■ Exercise description:
Your answer should repeat exactly the lines from the one holding "Night View of Dallas from Reunion Tower" through the end of the data, and it should contain no pictures.

(Dataset items)
********

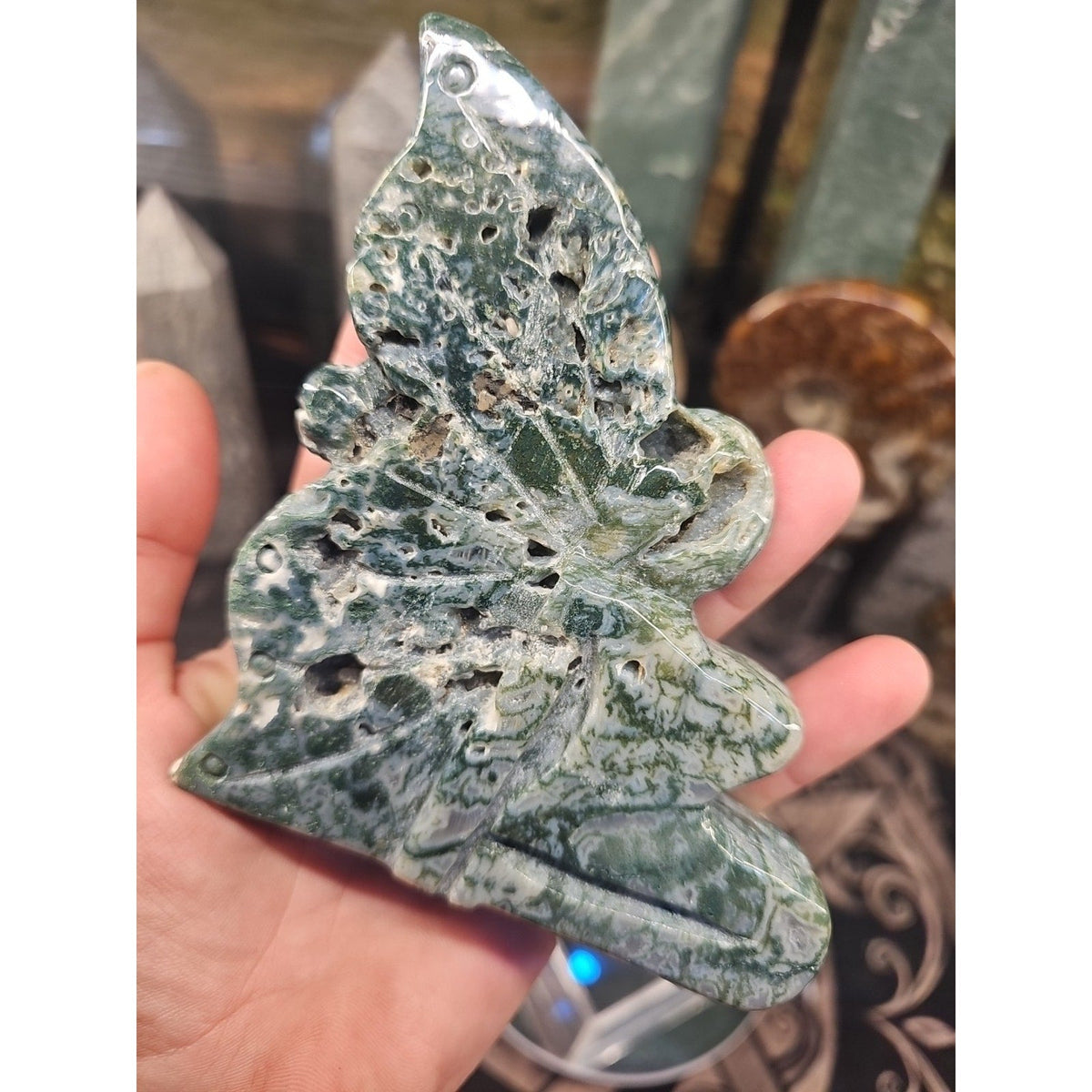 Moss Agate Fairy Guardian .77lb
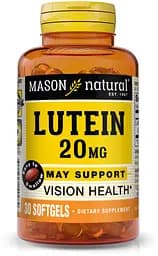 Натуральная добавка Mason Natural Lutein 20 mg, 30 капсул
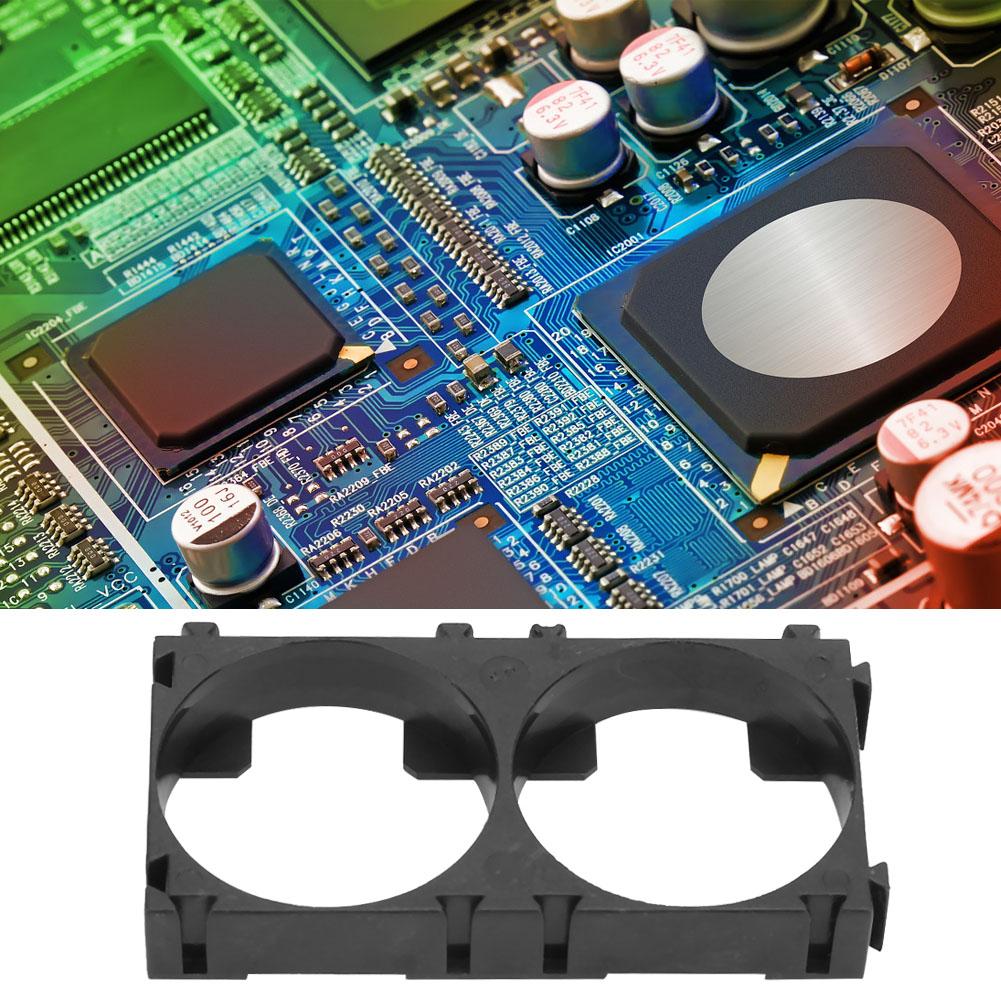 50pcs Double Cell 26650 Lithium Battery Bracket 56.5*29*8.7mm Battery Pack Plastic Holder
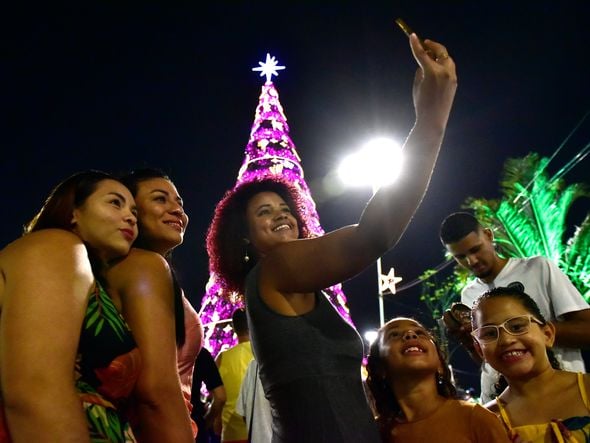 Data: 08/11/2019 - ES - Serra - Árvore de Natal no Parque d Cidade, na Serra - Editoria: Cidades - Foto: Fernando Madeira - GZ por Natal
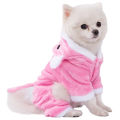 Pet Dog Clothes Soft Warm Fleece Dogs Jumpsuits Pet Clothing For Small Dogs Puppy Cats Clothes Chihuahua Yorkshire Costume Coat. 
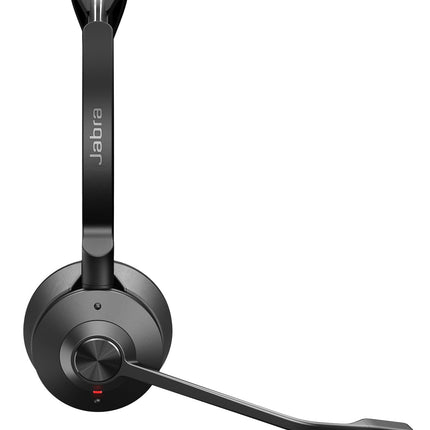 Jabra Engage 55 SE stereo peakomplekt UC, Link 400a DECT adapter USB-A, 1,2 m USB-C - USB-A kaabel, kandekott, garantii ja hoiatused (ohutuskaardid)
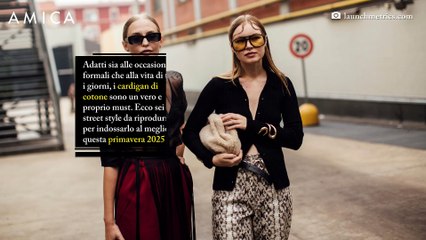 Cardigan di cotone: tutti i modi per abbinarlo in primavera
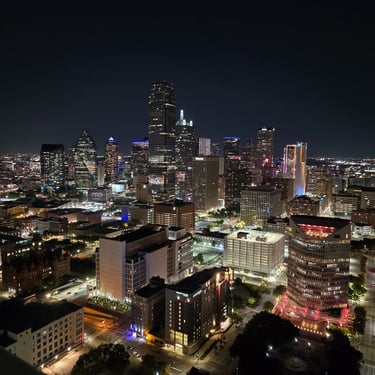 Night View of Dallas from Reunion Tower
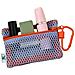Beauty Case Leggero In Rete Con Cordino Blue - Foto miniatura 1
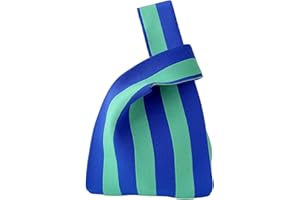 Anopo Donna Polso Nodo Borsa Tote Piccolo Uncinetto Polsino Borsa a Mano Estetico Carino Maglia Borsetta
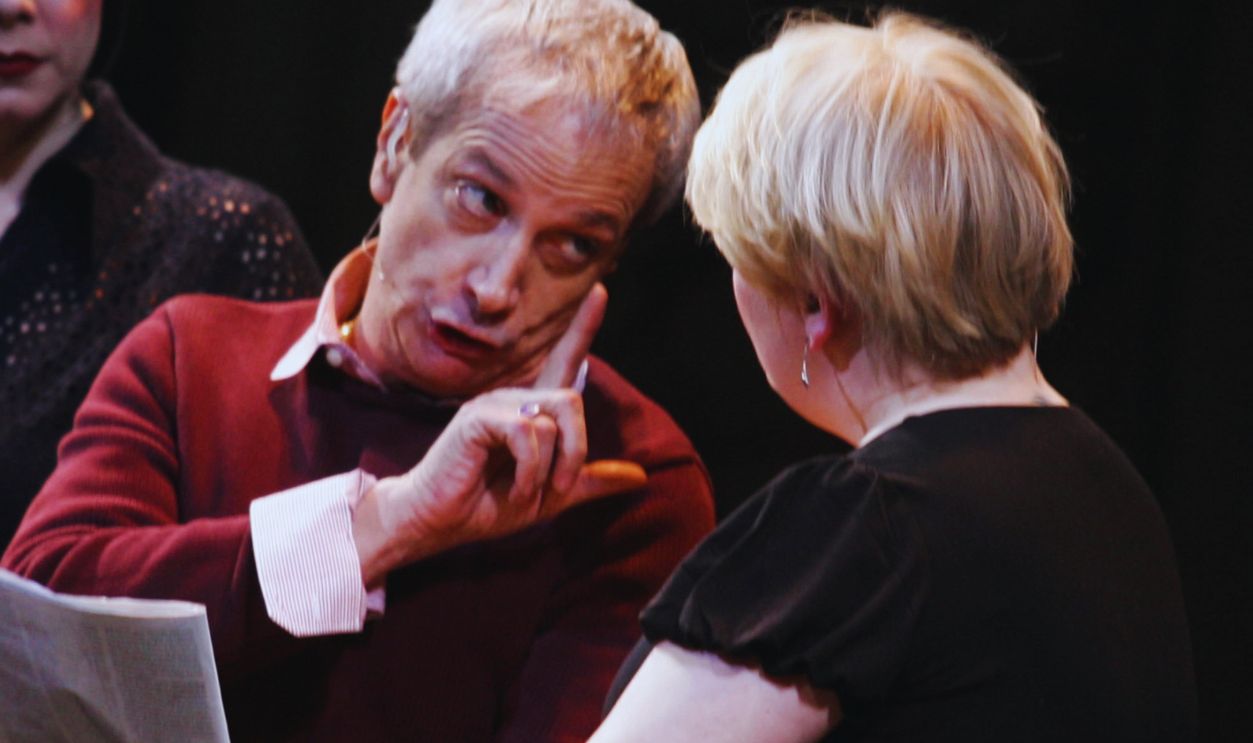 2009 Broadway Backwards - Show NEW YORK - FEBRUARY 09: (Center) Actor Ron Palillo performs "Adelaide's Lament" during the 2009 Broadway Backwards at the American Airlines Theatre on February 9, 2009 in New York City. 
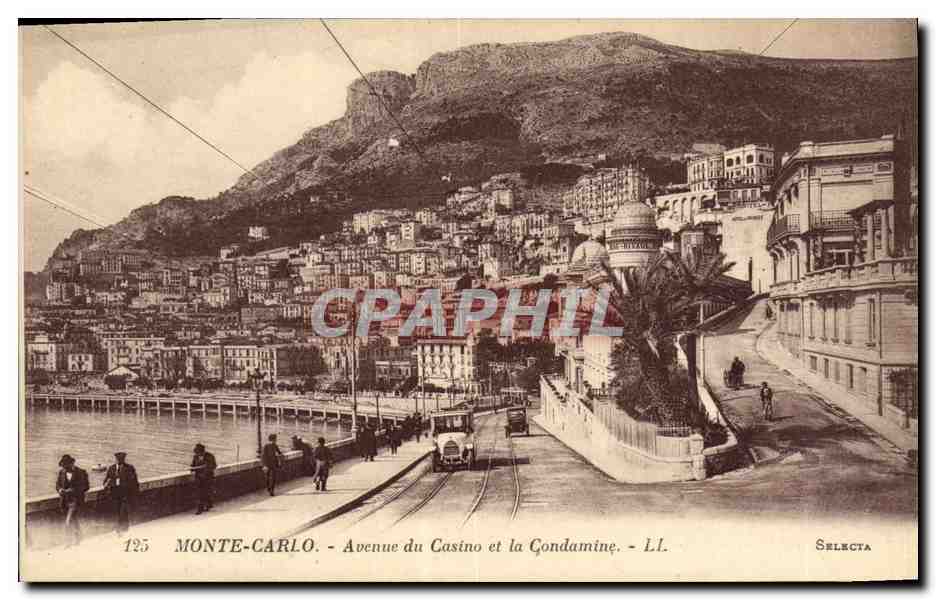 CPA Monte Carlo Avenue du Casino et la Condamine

********

■ Solution to this problem:
 Night View of Dallas from Reunion Tower
Beauty Case Leggero In Rete Con Cordino Blue - Foto miniatura 1
 Anopo Donna Polso Nodo Borsa Tote Piccolo Uncinetto Polsino Borsa a Mano Estetico Carino Maglia Borsetta
 2009 Broadway Backwards - Show NEW YORK - FEBRUARY 09: (Center) Actor Ron Palillo performs "Adelaide's Lament" during the 2009 Broadway Backwards at the American Airlines Theatre on February 9, 2009 in New York City. 
 CPA Monte Carlo Avenue du Casino et la Condamine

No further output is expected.